After finding "Bolso rojo de Pull & Bear (17,99 euros)" in the data, write out its line and all following lines without change, up to and including the last one. Leave out pictures.

### Supplied material:
----------------

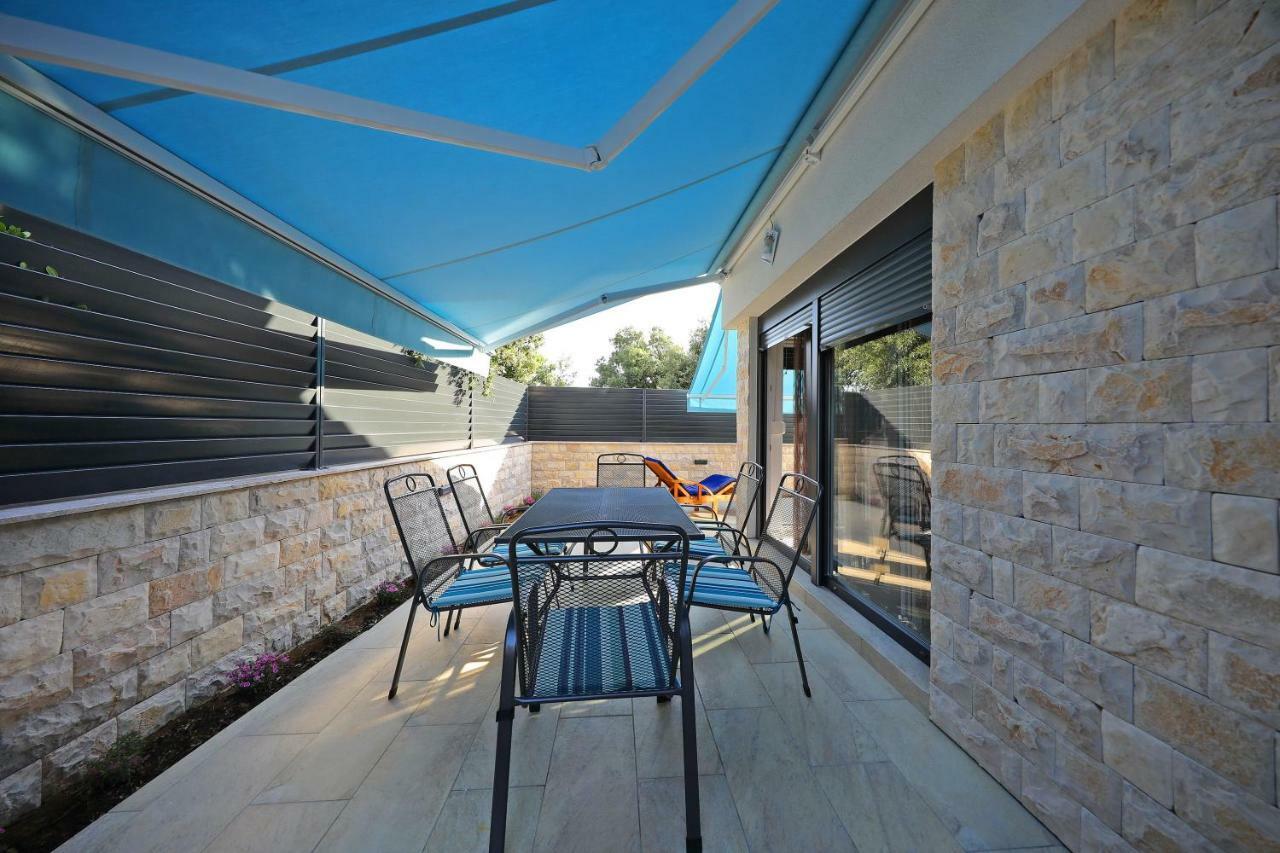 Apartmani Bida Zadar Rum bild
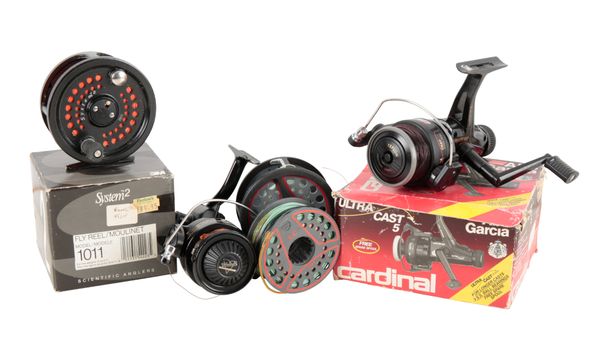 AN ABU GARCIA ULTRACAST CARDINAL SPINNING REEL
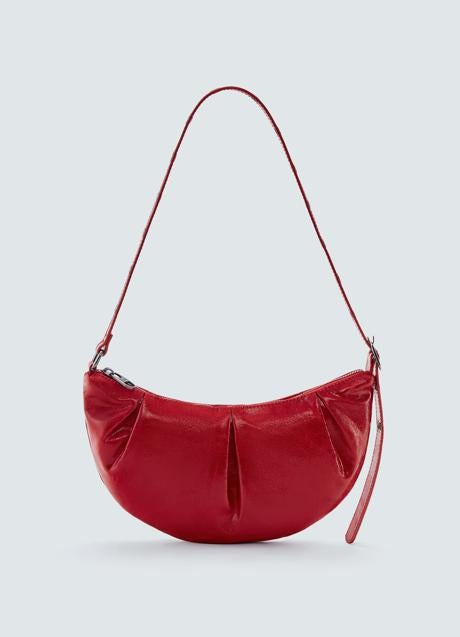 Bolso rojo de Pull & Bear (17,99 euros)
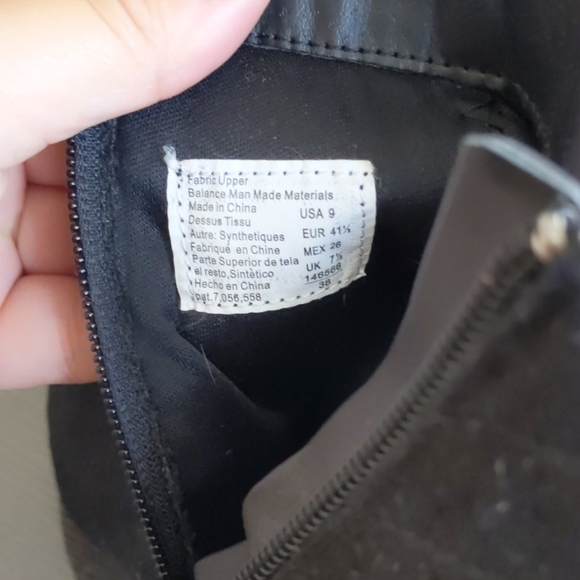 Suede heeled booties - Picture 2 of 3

----------------

### Solution:
 Bolso rojo de Pull & Bear (17,99 euros)
 Suede heeled booties - Picture 2 of 3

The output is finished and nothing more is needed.